Amir Ghasmeian presentation

Tuesday, May 10, 2022 10:00 - 11:00 AM

Amir Ghasmeian, postdoctoral research associate at Yale University, will present "Limits of model selection, link prediction, and community detection."

Abstract: Networks have attracted wide interest in the scientific community as a powerful tool for studying complex systems, which provide a trade-off between reality and generality. A common graph mining task is community detection, which seeks an unsupervised decomposition of a network into groups based on statistical regularities in network connectivity. On the other hand, the task of link prediction (predicting missing links) has become a standard for evaluating and comparing models of network structure, playing a role in networks that is similar to that of cross-validation in traditional statistical learning. Although many such algorithms exist, community detection and link prediction’s No Free Lunch theorems imply that no algorithm can be optimal across all inputs.

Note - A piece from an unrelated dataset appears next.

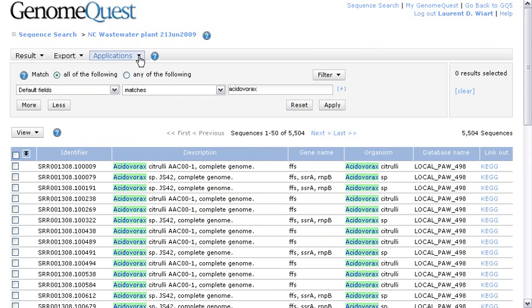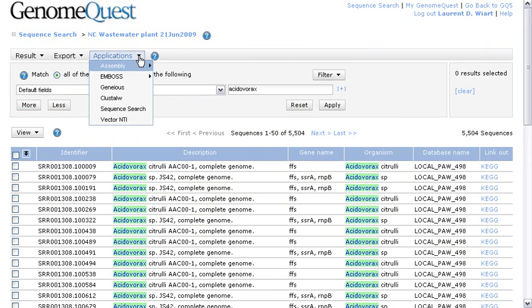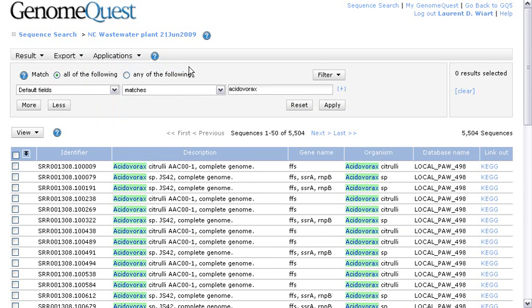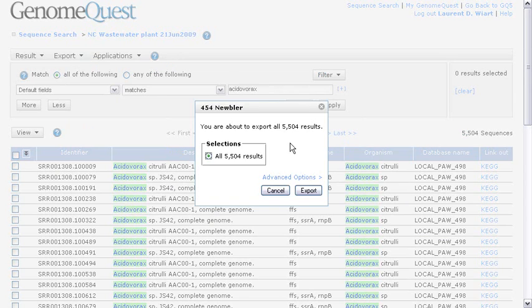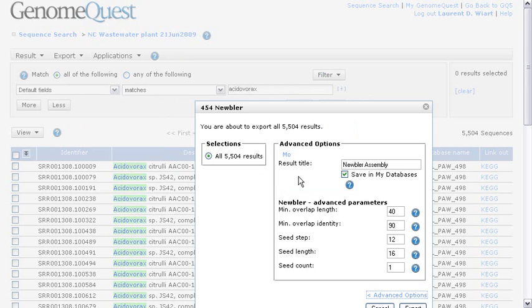Now, let's scroll back up, and go to the Applications to perform this assembly. As you can see, there's an option called Assembly, and I'm going to choose New Blur. Now, I can define a few more advanced options for New Blur.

However, little is known in practice about how different algorithms over- or under-fit to real networks, or how to reliably assess such behavior across algorithms. It has remained unknown whether a single best link predictor exists, how link predictability varies across methods and networks from different domains, and how close to optimality current methods are. In this talk I answer these important questions on the limitations of model selection, link prediction, and community detection on complex networks. I present a broad investigation of over- and under-fitting across 16 state-of-the-art community detection algorithms applied to a novel benchmark corpus of 572 structurally diverse real-world networks. I answer questions on optimal link prediction by systematically evaluating 203 individual link predictor algorithms, representing three popular families of methods, applied to a large corpus of networks. And finally, using arguments from statistical physics, I will present the detectability limits on community detection, where below this threshold, there is no efficient algorithm that can identify the communities better than chance, and propose two algorithms that are optimal in the sense that they succeed all the way down to this threshold.

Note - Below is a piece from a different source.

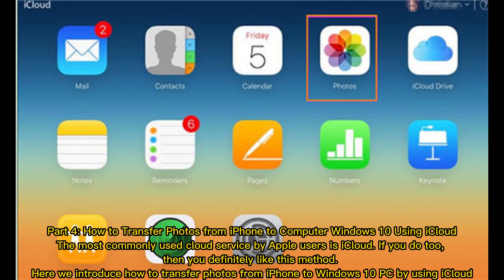Part 4: How to Transfer Photos from iPhone to Windows 10 PC using iCloud. The most commonly used cloud service by Apple users is iCloud. If you do too, then you definitely like this method. Here we introduce how to transfer photos from iPhone to Windows 10 PC by using iCloud.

Amir Ghasmeian is a post-doctoral research associate at Yale University's Human Nature Lab, led by Nicholas Christakis, and an affiliate member of the Computational Social Science Lab at the University of Pennsylvania. He received his PhD from the University of Colorado Boulder, working with Aaron Clauset. His research interests lie in network science, statistical inference, causal inference, statistical physics, and machine learning. He is the recipient of the NSF/CRA/CCC Computing Innovation Award (CIFellow 2020), and his research has been published in top physics, computer science, and multidisciplinary scientific journals such as Physical Review X, TKDE, and PNAS.